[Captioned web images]
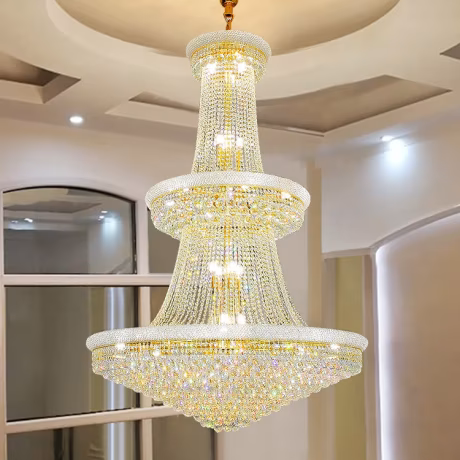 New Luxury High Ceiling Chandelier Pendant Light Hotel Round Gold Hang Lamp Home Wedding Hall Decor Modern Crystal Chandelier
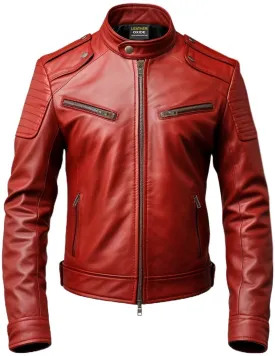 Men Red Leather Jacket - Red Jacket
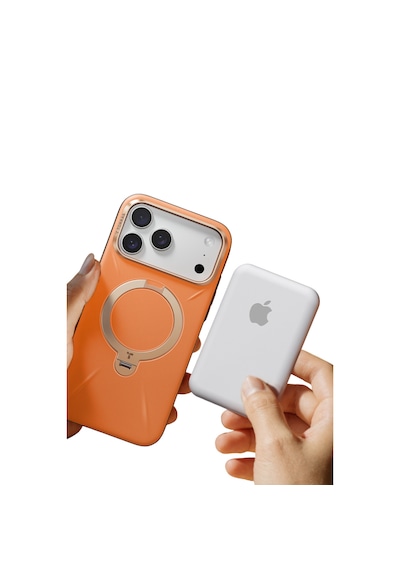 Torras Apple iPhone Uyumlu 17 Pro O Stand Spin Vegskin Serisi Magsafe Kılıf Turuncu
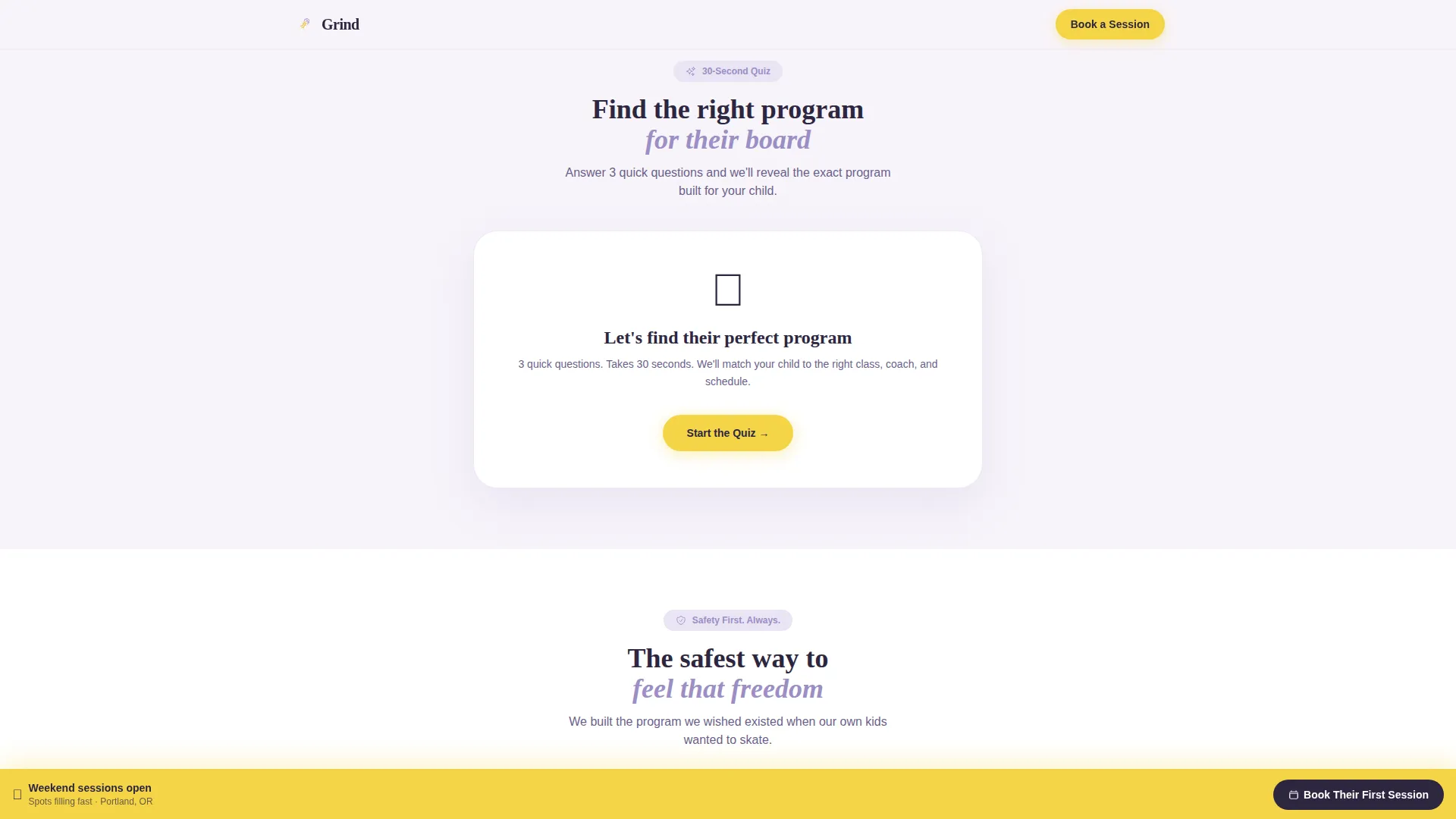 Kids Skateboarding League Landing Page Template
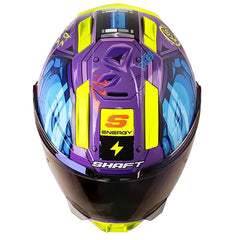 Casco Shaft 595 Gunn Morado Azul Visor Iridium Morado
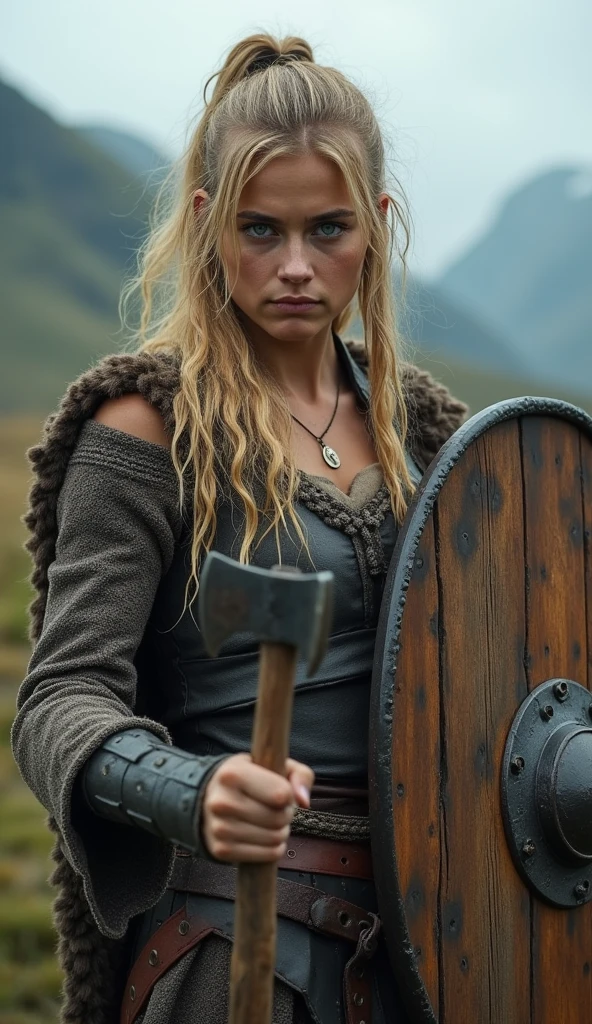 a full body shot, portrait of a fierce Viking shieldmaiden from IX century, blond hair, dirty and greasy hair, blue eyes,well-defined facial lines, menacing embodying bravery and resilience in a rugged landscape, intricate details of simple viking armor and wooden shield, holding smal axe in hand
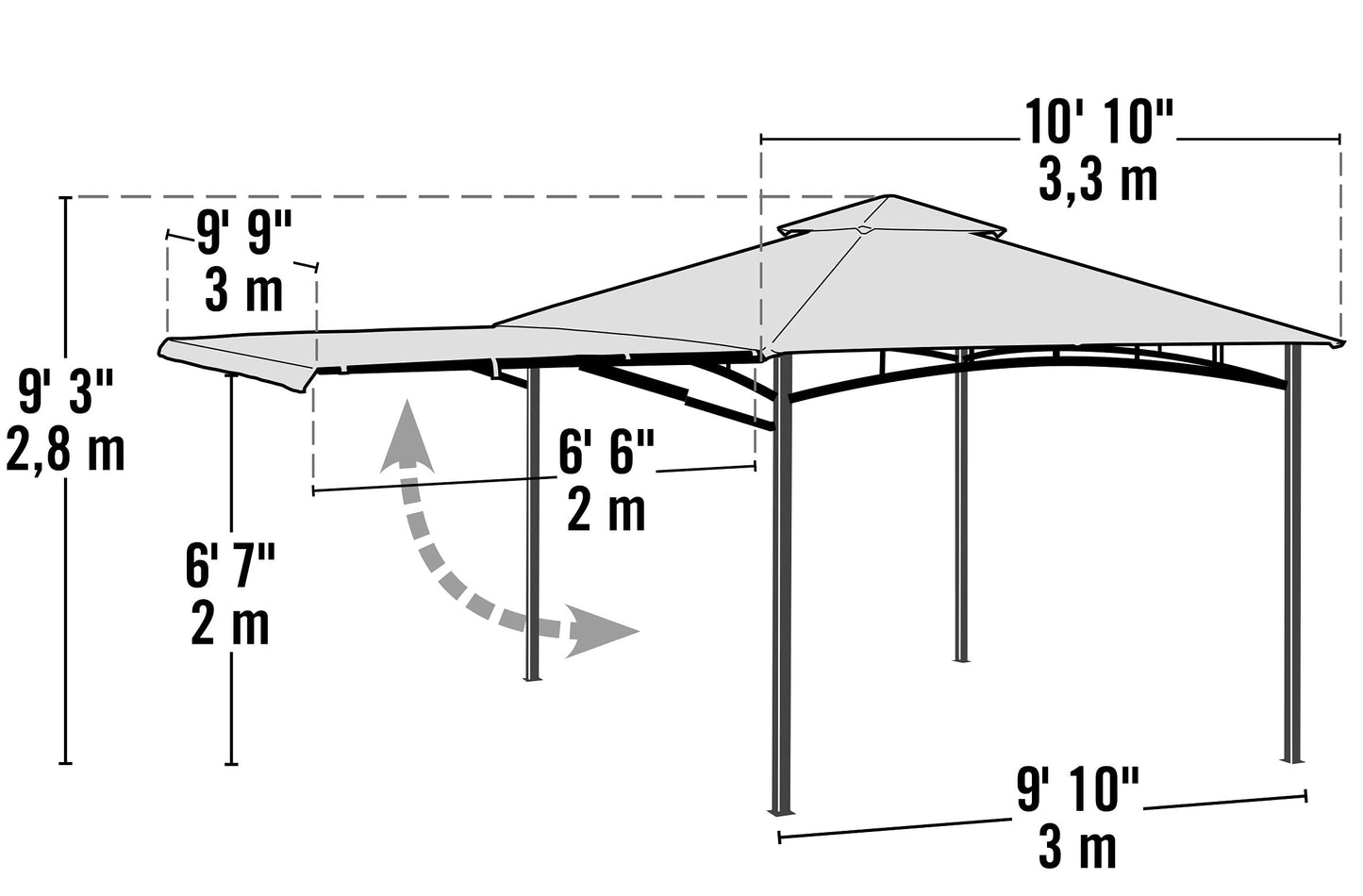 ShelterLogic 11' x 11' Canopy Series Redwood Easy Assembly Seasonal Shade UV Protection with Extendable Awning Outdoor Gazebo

YOUR GOAL
From the records above, give again only the part that opens with the line containing "Torras Apple iPhone" and closes with the line containing "Casco Shaft 595". Keep both ends but drop the pictures.

TASK OUTPUT
 Torras Apple iPhone Uyumlu 17 Pro O Stand Spin Vegskin Serisi Magsafe Kılıf Turuncu
 Kids Skateboarding League Landing Page Template
 Casco Shaft 595 Gunn Morado Azul Visor Iridium Morado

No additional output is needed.